Pass arguments as a dictionary to customize the prompt:
async with client:
    # Prompt with simple arguments
    result = await client.get_prompt("user_greeting", {
        "name": "Alice",
        "role": "administrator"
    })
    
    # Access the personalized messages
    for message in result.messages:
        print(f"Generated message: {message.content}")

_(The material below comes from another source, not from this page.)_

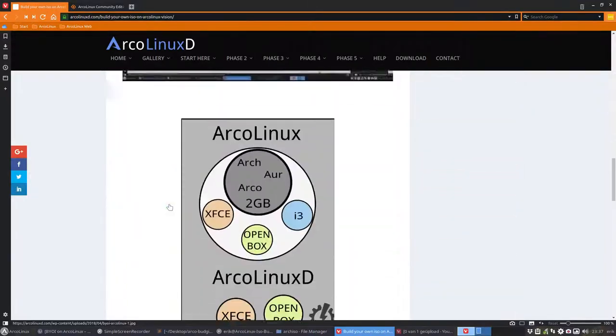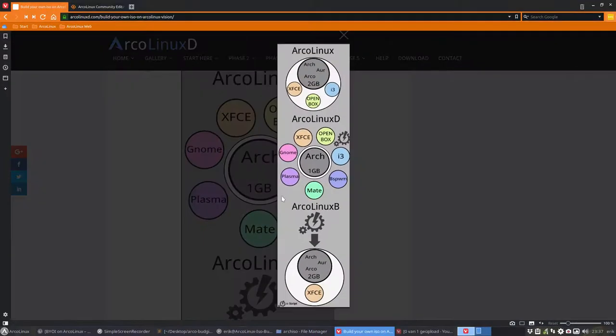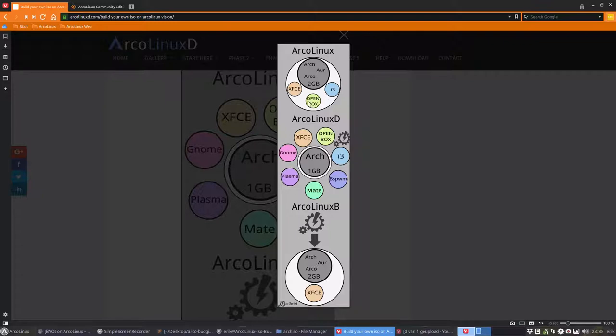The infographic is I think most interesting. So we have a big ISO, two gigabytes big, and what do you get with this ISO? XFCE, OpenBox, i3.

Automatic Argument Serialization

New in version 2.9.0 FastMCP automatically serializes complex arguments to JSON strings as required by the MCP specification. This allows you to pass typed objects directly:
from dataclasses import dataclass

@dataclass
class UserData:
    name: str
    age: int

async with client:
    # Complex arguments are automatically serialized
    result = await client.get_prompt("analyze_user", {
        "user": UserData(name="Alice", age=30),     # Automatically serialized to JSON
        "preferences": {"theme": "dark"},           # Dict serialized to JSON string
        "scores": [85, 92, 78],                     # List serialized to JSON string
        "simple_name": "Bob"                        # Strings passed through unchanged
    })
The client handles serialization using pydantic_core.to_json() for consistent formatting. FastMCP servers can automatically deserialize these JSON strings back to the expected types.

Serialization Examples

async with client:
    result = await client.get_prompt("data_analysis", {
        # These will be automatically serialized to JSON strings:
        "config": {
            "format": "csv",
            "include_headers": True,
            "delimiter": ","
        },
        "filters": [
            {"field": "age", "operator": ">", "value": 18},
            {"field": "status", "operator": "==", "value": "active"}
        ],
        # This remains a string:
        "report_title": "Monthly Analytics Report"
    })

Working with Prompt Results

The get_prompt() method returns a GetPromptResult object containing a list of messages:
async with client:
    result = await client.get_prompt("conversation_starter", {"topic": "climate"})
    
    # Access individual messages
    for i, message in enumerate(result.messages):
        print(f"Message {i + 1}:")
        print(f"  Role: {message.role}")
        print(f"  Content: {message.content.text if hasattr(message.content, 'text') else message.content}")

Raw MCP Protocol Access

For access to the complete MCP protocol objects, use the *_mcp methods:
async with client:
    # Raw MCP method returns full protocol object
    prompts_result = await client.list_prompts_mcp()
    # prompts_result -> mcp.types.ListPromptsResult
    
    prompt_result = await client.get_prompt_mcp("example_prompt", {"arg": "value"})
    # prompt_result -> mcp.types.GetPromptResult

Multi-Server Clients

When using multi-server clients, prompts are accessible without prefixing (unlike tools):
async with client:  # Multi-server client
    # Prompts from any server are directly accessible
    result1 = await client.get_prompt("weather_prompt", {"city": "London"})
    result2 = await client.get_prompt("assistant_prompt", {"query": "help"})

Common Prompt Patterns

System Messages

Many prompts generate system messages for LLM configuration:
async with client:
    result = await client.get_prompt("system_configuration", {
        "role": "helpful assistant",
        "expertise": "python programming"
    })
    
    # Typically returns messages with role="system"
    system_message = result.messages[0]
    print(f"System prompt: {system_message.content}")

Conversation Templates

Prompts can generate multi-turn conversation templates:
async with client:
    result = await client.get_prompt("interview_template", {
        "candidate_name": "Alice",
        "position": "Senior Developer"
    })
    
    # Multiple messages for a conversation flow
    for message in result.messages:
        print(f"{message.role}: {message.content}")
Prompt arguments and their expected types depend on the specific prompt implementation. Check the server’s documentation or use list_prompts() to see available arguments for each prompt.